Once the Philistine threat was over, Saul again turned his attention to tracking down his rival David. There were reports that David was hiding in the area of Engedi, so Saul took three thousand men and marched in that direction. En route, Saul entered one of the caves that were part of a sheepfold to relieve himself. David and some of his men were hiding in the inner recesses of that same cave. The men reminded David that God had promised one day to deliver his enemies into his hand. David crept forward in the dark and cut off the edge of Saul’s robe, but he returned to his men guilt-stricken because he even had dared to cut the robe of God’s anointed. David persuaded his men not to touch Saul, and after Saul had gone a safe distance, David went out of the cave and called after him. He bowed to the ground and addressed Saul respectfully as “My lord the king.” With great emotion, David tried to make his father-in-law see that he was being manipulated by certain men who stood to profit by removing David from the scene. He pointed out that he could have slain Saul in the cave had he been so minded and provided proof with the missing edge of Saul’s robe. Perhaps God would avenge the wrong that Saul had done to him, but David would not. Saul was wasting his time seeking him, for David was self-deprecating as he explained that he was no more a threat than a single flea on a dead dog. David concluded his speech by appealing to God to deliver him from the hand of Saul.

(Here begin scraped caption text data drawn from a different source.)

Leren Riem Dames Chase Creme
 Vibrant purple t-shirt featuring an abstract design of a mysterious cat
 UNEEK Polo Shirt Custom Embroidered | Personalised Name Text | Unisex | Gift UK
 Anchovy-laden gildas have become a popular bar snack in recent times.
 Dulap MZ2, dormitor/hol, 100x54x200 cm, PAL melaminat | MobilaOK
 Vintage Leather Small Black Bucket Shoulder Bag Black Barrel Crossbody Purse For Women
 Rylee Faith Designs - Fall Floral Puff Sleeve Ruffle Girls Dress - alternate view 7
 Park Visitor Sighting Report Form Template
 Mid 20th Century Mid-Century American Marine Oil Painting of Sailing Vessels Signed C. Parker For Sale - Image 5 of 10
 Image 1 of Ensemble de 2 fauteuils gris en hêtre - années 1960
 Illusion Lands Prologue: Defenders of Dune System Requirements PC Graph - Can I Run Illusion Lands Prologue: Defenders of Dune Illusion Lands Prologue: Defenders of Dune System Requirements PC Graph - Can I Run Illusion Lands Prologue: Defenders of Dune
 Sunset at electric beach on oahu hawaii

Saul was moved to tears by the words of David and acknowledged that David had been more righteous than he. Saul recognized for the moment that David must not have considered him as an enemy, else he would have slain him in the cave. Saul prayed God's blessing on David since he had refrained from killing the king. Saul declared that David would one day be king and concluded by adjured an oath from David that he would not wipe out his family, an action frequently taken when a new dynasty came to power. David quickly gave Saul the promise he desired, and he returned home. David and his men went up to “the stronghold,” the most rugged part of the Wilderness of Judea.
Thing To Consider:
- Why does David see the opportunity to kill Saul differently than his men?
- What posture should we take toward those in leadership over us even when they may be in the wrong?
- Who struck David's heart?
- What does David's speech tell us about his attitude toward God and Saul?
- Does David offer false humility? What makes you think this?
- What does Saul's declaration tell us about Saul's thoughts toward David?